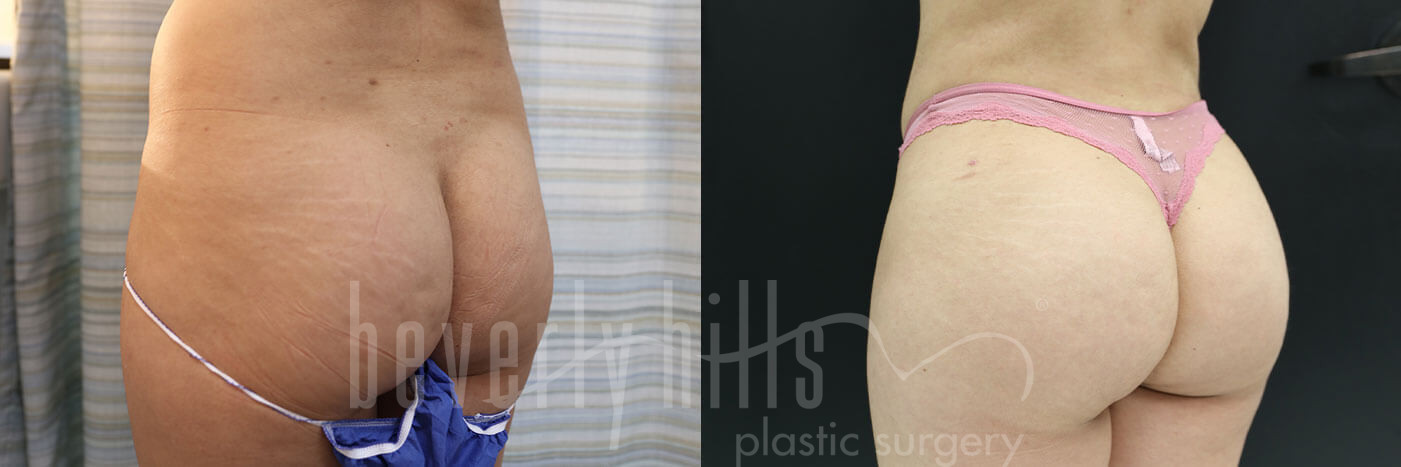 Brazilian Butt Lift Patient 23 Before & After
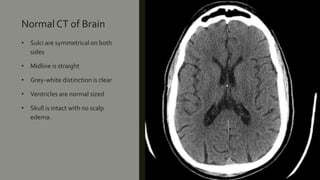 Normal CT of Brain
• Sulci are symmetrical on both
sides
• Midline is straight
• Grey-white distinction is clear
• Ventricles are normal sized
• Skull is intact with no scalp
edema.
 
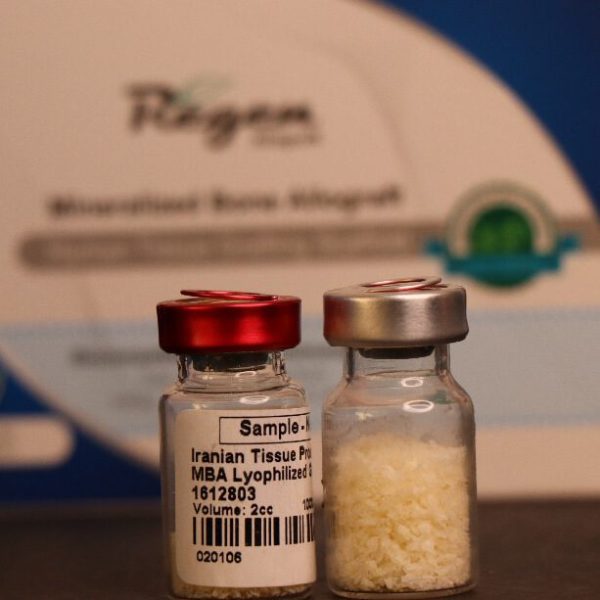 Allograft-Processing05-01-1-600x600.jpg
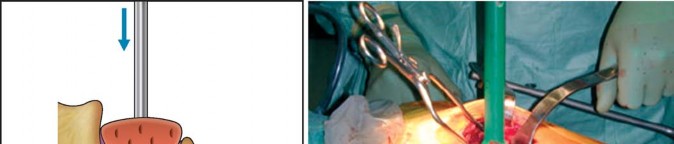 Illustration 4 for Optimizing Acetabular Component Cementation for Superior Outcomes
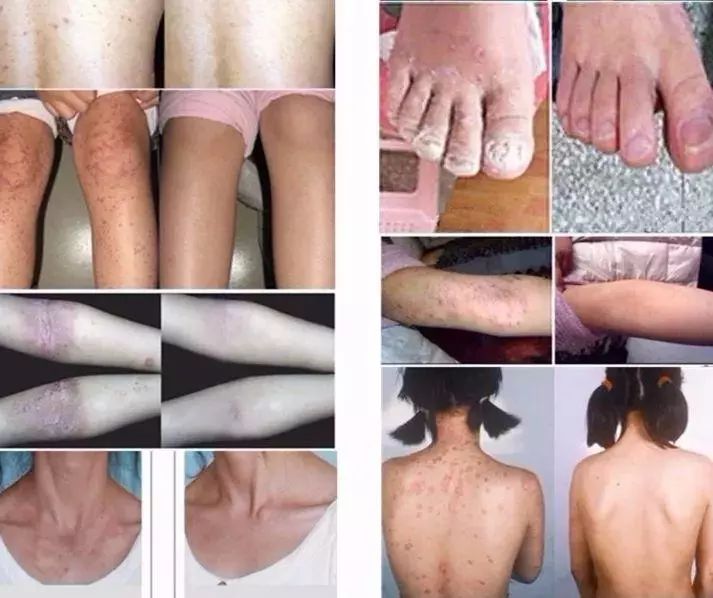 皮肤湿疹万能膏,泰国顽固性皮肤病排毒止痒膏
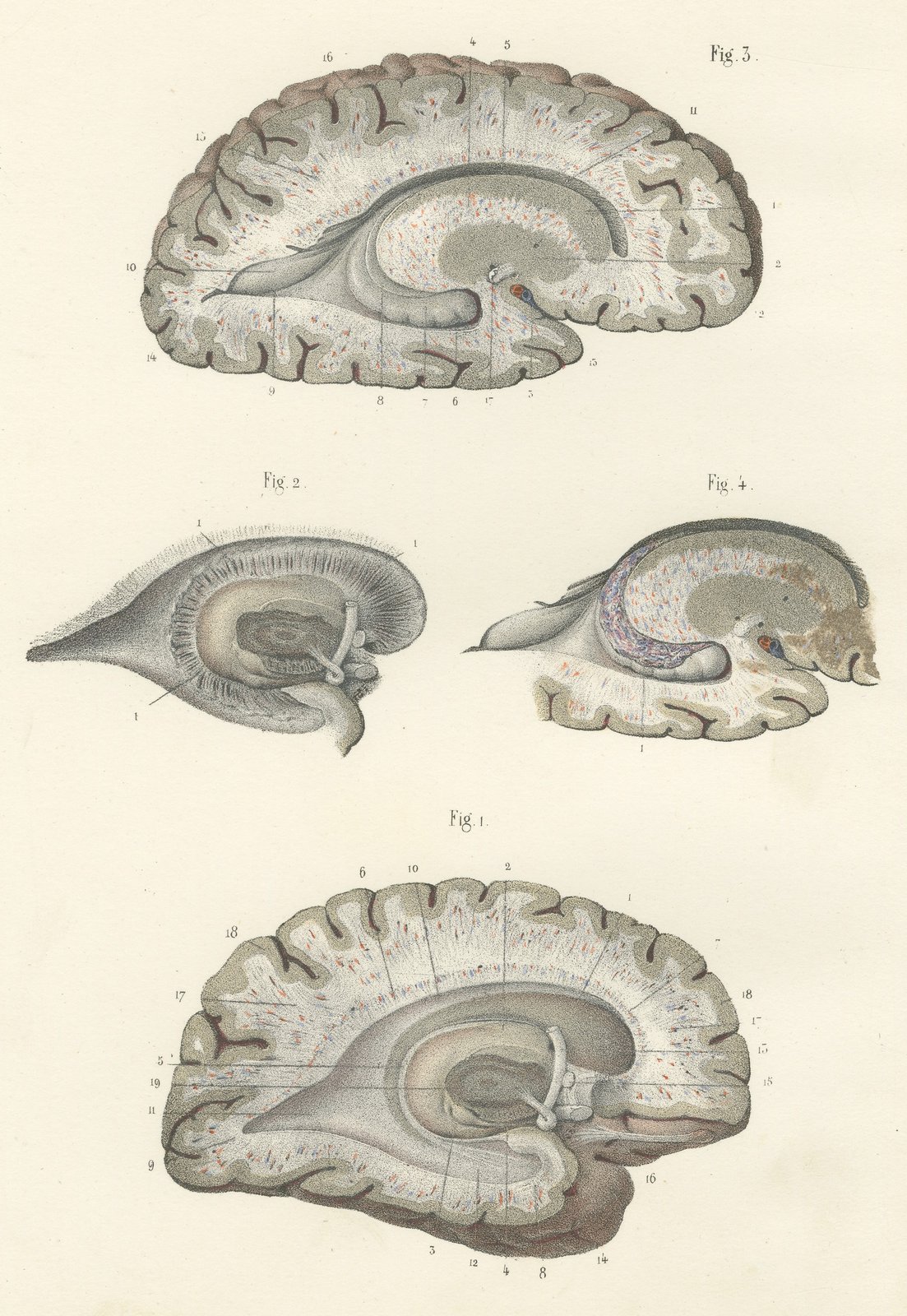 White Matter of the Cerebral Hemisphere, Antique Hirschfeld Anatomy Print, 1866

==

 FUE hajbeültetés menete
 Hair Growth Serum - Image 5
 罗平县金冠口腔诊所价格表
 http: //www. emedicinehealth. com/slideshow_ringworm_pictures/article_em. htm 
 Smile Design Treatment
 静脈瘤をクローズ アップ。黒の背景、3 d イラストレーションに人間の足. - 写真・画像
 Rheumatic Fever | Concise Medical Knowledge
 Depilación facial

The task
Only one stretch of the entries above is needed: the lines from the one containing "Normal CT of Brain" through the one containing "White Matter of". Copy it exactly, without the pictures.

Answer space
 Normal CT of Brain
• Sulci are symmetrical on both
sides
• Midline is straight
• Grey-white distinction is clear
• Ventricles are normal sized
• Skull is intact with no scalp
edema.
 
 Allograft-Processing05-01-1-600x600.jpg
 Illustration 4 for Optimizing Acetabular Component Cementation for Superior Outcomes
 皮肤湿疹万能膏,泰国顽固性皮肤病排毒止痒膏
 White Matter of the Cerebral Hemisphere, Antique Hirschfeld Anatomy Print, 1866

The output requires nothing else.